It’s late. You’ve just had a hell of a day juggling your job, kids, expectations and never really being able to step away from your inbox because you have a smartphone. You finally make it home after a 90-minute commute that’s really only 25 minutes without traffic, open your fridge to a plethora of healthy green food choices and think:
Then you order a pizza.
This scenario, or one like it, plays out every week with people trying their best to change their health and fitness habits. No matter how motivated we are in the morning, we can get driven to the edge by life and lose touch with why we’re on this crazy journey in the first place. Or sometimes it’s frustration with what we perceive as a lack of results. But no matter what kind of ledge you’re on, there are ways to get back onto the path you started. Here are just a few that have worked for my clients.

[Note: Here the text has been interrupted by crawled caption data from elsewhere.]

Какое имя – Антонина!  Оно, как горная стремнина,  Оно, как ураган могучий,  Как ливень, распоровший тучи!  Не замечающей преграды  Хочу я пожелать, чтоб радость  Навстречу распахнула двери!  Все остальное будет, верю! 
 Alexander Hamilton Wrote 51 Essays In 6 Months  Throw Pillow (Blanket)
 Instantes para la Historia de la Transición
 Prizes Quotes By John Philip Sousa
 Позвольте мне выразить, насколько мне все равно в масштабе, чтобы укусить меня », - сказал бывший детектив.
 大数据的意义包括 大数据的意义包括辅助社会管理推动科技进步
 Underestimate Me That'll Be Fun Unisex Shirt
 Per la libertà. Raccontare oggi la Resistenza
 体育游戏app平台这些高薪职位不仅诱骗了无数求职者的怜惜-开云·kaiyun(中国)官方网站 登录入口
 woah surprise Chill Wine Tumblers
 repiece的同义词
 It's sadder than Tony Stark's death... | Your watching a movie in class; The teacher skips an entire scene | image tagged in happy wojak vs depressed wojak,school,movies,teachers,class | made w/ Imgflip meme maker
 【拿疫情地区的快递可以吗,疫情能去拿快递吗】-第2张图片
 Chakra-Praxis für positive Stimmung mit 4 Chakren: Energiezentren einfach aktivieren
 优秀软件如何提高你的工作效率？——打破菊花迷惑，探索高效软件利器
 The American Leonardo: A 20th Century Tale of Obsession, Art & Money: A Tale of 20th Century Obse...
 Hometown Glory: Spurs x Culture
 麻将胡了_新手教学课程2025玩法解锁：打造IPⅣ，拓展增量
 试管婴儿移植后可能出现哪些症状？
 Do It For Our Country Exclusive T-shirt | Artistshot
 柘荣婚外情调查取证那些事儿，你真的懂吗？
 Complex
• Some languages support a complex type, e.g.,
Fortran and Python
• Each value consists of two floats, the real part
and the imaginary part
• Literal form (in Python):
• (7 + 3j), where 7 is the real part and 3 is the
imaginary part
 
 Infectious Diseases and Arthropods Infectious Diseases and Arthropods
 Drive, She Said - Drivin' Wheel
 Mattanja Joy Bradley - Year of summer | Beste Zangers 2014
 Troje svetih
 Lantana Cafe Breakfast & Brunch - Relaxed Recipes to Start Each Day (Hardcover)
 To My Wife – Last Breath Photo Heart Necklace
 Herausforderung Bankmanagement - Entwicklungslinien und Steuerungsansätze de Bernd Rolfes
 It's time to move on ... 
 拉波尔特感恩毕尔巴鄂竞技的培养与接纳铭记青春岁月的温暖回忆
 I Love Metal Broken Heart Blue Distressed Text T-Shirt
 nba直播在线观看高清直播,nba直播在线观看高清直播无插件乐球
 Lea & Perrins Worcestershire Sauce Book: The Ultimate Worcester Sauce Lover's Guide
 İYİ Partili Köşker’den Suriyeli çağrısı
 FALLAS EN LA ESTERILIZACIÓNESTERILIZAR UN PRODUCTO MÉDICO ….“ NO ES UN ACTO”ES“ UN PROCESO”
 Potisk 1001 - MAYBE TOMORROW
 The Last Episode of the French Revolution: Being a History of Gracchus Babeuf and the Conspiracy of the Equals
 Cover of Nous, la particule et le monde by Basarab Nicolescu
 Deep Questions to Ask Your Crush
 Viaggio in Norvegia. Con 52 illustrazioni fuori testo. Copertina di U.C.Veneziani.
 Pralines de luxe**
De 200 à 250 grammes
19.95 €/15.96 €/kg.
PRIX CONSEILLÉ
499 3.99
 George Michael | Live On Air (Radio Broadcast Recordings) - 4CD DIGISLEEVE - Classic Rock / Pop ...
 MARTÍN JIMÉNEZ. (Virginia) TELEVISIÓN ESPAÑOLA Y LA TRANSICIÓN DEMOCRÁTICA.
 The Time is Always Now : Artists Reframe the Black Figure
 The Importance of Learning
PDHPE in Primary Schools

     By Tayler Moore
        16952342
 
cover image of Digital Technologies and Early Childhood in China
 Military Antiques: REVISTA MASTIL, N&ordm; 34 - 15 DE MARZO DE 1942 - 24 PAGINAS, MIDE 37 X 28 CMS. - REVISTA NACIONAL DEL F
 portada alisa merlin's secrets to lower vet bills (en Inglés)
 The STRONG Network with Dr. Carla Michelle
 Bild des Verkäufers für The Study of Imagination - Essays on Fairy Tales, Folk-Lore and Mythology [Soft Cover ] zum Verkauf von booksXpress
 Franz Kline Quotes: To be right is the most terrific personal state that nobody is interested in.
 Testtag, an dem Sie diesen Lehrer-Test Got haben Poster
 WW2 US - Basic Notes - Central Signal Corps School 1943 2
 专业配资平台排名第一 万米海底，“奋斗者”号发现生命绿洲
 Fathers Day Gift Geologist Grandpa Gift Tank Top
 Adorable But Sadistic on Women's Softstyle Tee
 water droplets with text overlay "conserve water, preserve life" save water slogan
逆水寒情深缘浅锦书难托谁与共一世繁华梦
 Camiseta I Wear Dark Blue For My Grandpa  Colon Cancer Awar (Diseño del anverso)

Enjoy that pizza. No really. The choice was made. Now it’s time to move forward. So throw out those leftovers and get back on track as soon as possible. A few slices will not ruin your lifetime of health and fitness, but the longer you nurse that case of the “screw its,” the longer you delay success. So enjoy the indulgence! And use this as an opportunity to learn how you can bounce back even faster.
Make a fallback plan. Almost every Thursday, my clients write their fallback plan for the weekend. While you’re in a good mood, before you come across the “screw its,” sit down and think about what the minimum-minimum is—what’s the ONE THING you need to do to feel like you’re still on track? Is it eating vegetables? Drinking water between adult beverages? Doing 10 push-ups?
Be realistic. Any healthy choice is still moving forward. Now write down your fallback plan, or take a picture of it on your phone so you’ll remember it just before the “screw its” happen.
Ask yourself, “What have I done well? What have I learned?” Most of us get fixed on outcomes. Weight. Sizes. Results. But evidence from 40 years of motivation research has shown that focus on the process rather than the outcome leads to better results. So when you’re feeling discouraged, take an honest self-assessment. What have you learned? What’s gotten easier? And what are you doing well that will help you for a lifetime?
Remind yourself that no weight-loss journey is linear. There’s always plateaus. Always, always. Even for you. Yes, you. You will have plateaus. If I sound redundant it’s because no one thinks this applies to them. But the people who successfully lose weight and keep it off are the ones who keep going. Like Winston Churchill said, “If you’re going through hell, keep going!”
Tell someone what you’re thinking. Eighty percent of my job is showing up and listening, which you don’t really need training to do. Seek out a friend or a forum and let people know what you’re thinking. Most of the time just saying stuff out loud to people you know are sharing your struggle is enough to see things in a different light.
Remember that the average American gains a pound a year. So even maintaining your weight means you’re above average!